• [WORK TO BE COMPLETED]:
Could you set down exactly the lines of the data below, starting at the one that holds "高考报名确认表-高考报名确认表有用吗" and ending at the one that holds "Dodge Viper RT/10 - HOT WHEELS - 2022", both included, and only those?

• [DATASET RECORDS]:
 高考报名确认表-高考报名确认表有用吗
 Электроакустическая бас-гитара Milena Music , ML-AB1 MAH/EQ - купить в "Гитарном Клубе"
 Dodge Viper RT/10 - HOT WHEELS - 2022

---

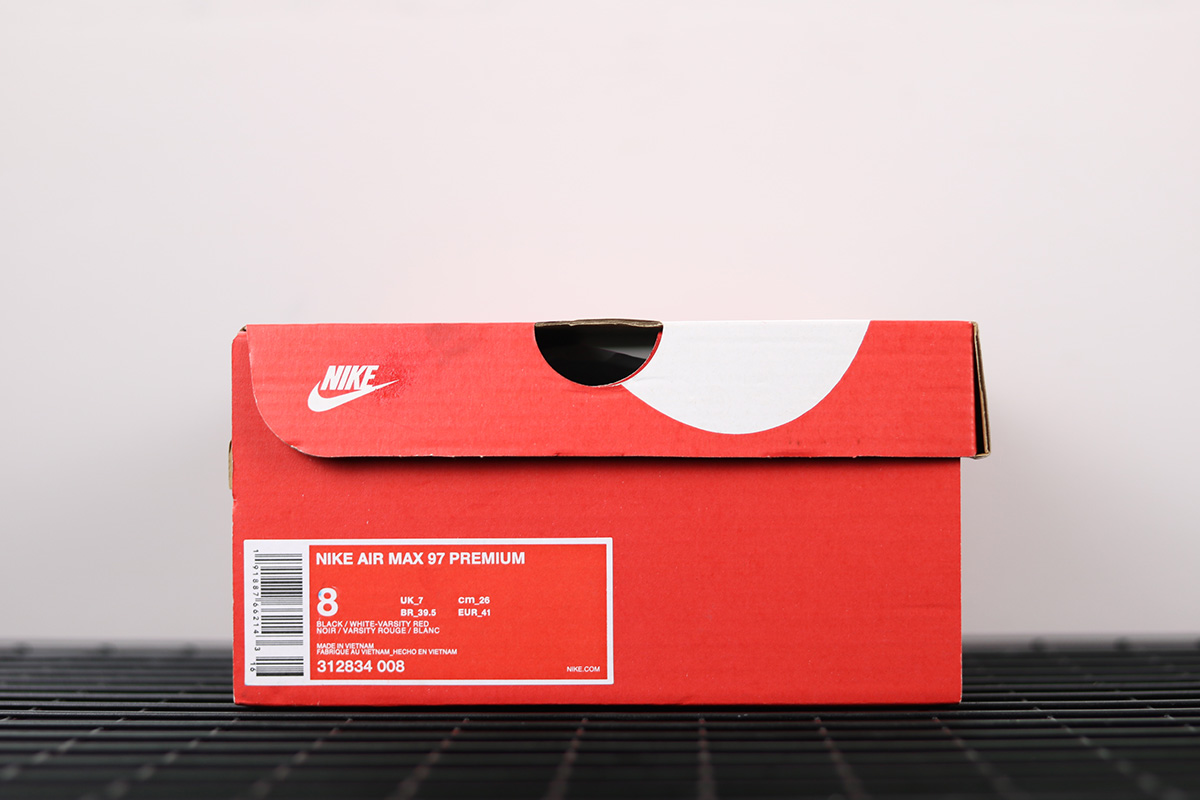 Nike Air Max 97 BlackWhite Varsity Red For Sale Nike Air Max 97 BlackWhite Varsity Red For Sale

• [RESPONSE TO THIS EXERCISE]:
 高考报名确认表-高考报名确认表有用吗
 Электроакустическая бас-гитара Milena Music , ML-AB1 MAH/EQ - купить в "Гитарном Клубе"
 Dodge Viper RT/10 - HOT WHEELS - 2022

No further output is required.